Craddock on the Craft of Preaching
Craddock, Fred B., ed. Lee Sparks and Kathryn Hayes Sparks
pp. 59 - 61
Craddock used to tell lots of stories and was good at it. Here he gives a little advice. Use as few words as possible, and especially as few adjectives. Let characters’ words and actions tell the audience who they are, not your piling up of explanatory adjectives. Don’t do that. Let the listeners do a little of the work and stay active in the process. Think of the Parable of the Prodigal Son as a model. Ring, robe, shoes, fatted calf, a father’s hug—that says it all. You’re there. But if you go on for any length you insult your listeners, who are perfectly capable of being with that father and son and of understanding what’s going on without your surfeit of explanations.
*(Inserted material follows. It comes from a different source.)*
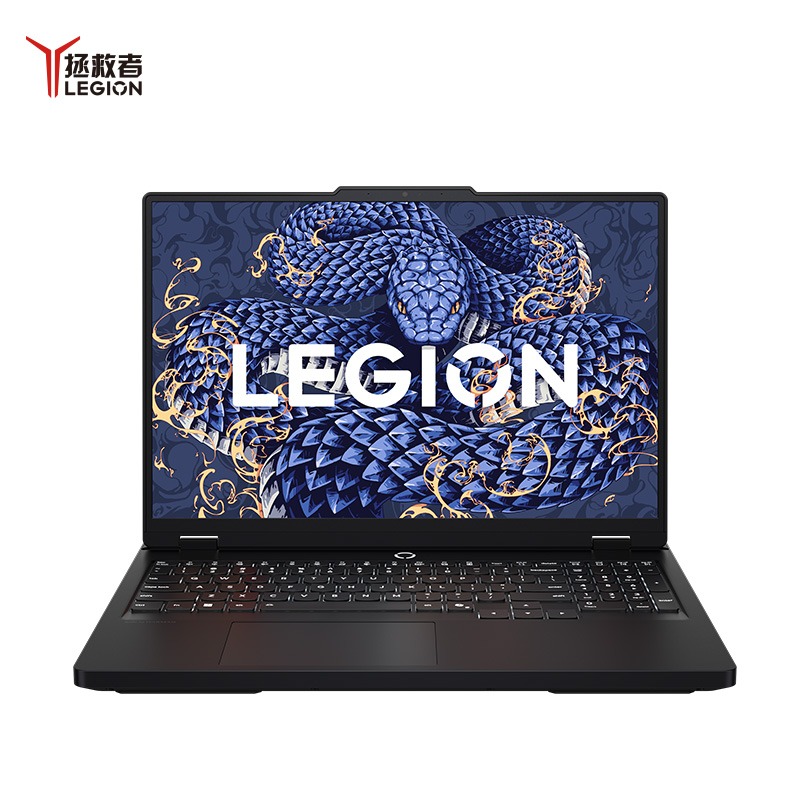 Laptop Gaming Legion 5 Y7000P 2025 Ultra 7-255HX 16GB RAM 1TB SSD RTX5060 16inch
Don’t tell listeners what they ought to feel when hearing a story. Just let them feel it. And use direct discourse the way Jesus did. Don’t paraphrase your characters. Quote them. And don’t, at some point, hold a mirror up to listeners and say, “’Aren’t we just like that Pharisee?’” Too obvious. Too disrespectful of listeners. If you’ve done your job in making that Pharisee come alive—perhaps in twenty-first-century draping—people will be looking in a mirror right along. They’ll already be looking.